Angeline Murimirwa Discusses Epiphanies in Proximity at the Skoll World Forum 2018 - Video Transcript

Text over white screen Angeline Murimirwa, CAMFED Executive Director – Africa, and founding member of the CAMFED Association shares her epiphany at the 2018 Skoll World Forum in Oxford, UK.


Angeline Murimirwa On Thursday the 2nd of July 1998, I found myself in a room with 400 other young women. We had been educated through school and supported by CAMFED. And CAMFED stands for Campaign for Female Education. They had supported us through school with a bursary.

So as we stood in there, we had come together to celebrate, this huge feat. We are among the first in our villages to have gone that far. And so this was a huge feat to celebrate. But we were also there to talk about, so what’s next? We were daunted by the future. Just the idea of, what’s next?

CAMFED works in the most remote rural districts where even the ministers of education rarely got to and are even aware of as much as their schools. So for us, there were no jobs that we could see. We were not just daunted because we didn’t really think, we didn’t have an imagination. And you don’t really need an imagination to know what would become of you.

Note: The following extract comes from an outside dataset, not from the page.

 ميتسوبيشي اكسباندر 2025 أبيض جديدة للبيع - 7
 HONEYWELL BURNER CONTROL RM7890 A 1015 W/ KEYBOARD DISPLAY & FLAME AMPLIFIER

We knew what was going to happen because when we got back to our villages, girls were still dropping out of school. Children were still leaving school prematurely because they couldn’t afford the cost. Challenges of child marriage, challenges of teenage pregnancy. But look here, everybody in our community was celebrating us with the heroines. Girls had made this huge break.

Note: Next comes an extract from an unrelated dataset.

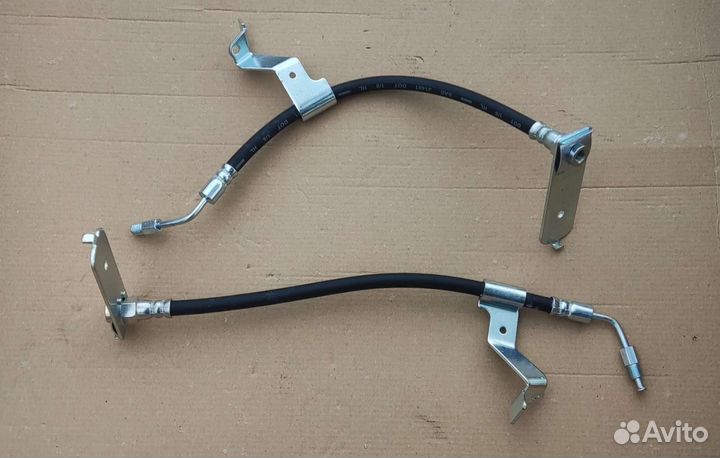 Тормозной шланг задний новый Себринг Стратус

But we were conflicted because we knew, we knew what we were going to become. I recall sitting there in that room when young woman after young woman when girl after girl was walking up and talking about their stories. I just remember thinking, did they steal my script? Because that really sounds like me. And it was the first time that we had met together. We were not aware that there were 400 of us across the country. So just sitting there and realizing from that proximity that my story wasn’t unique. I wasn’t the only one with monopoly on poverty and how it affects women. There was a shared story and a shared narrative in this room.

So it wasn’t easy. I remember sitting there and looking at one of the girls who was there, Emma. She was wearing this dress and I was like, If only I had that dress. And please stop judging me, I can see that judging. So, I was thinking, if only I had that dress. It wasn’t new. It was a fitted dress. It was too big for her. But her aunt had given it to her to come to that meeting. I had come to that meeting wearing my uniform because I had nothing else different to wear. So you see why this dress matters to me.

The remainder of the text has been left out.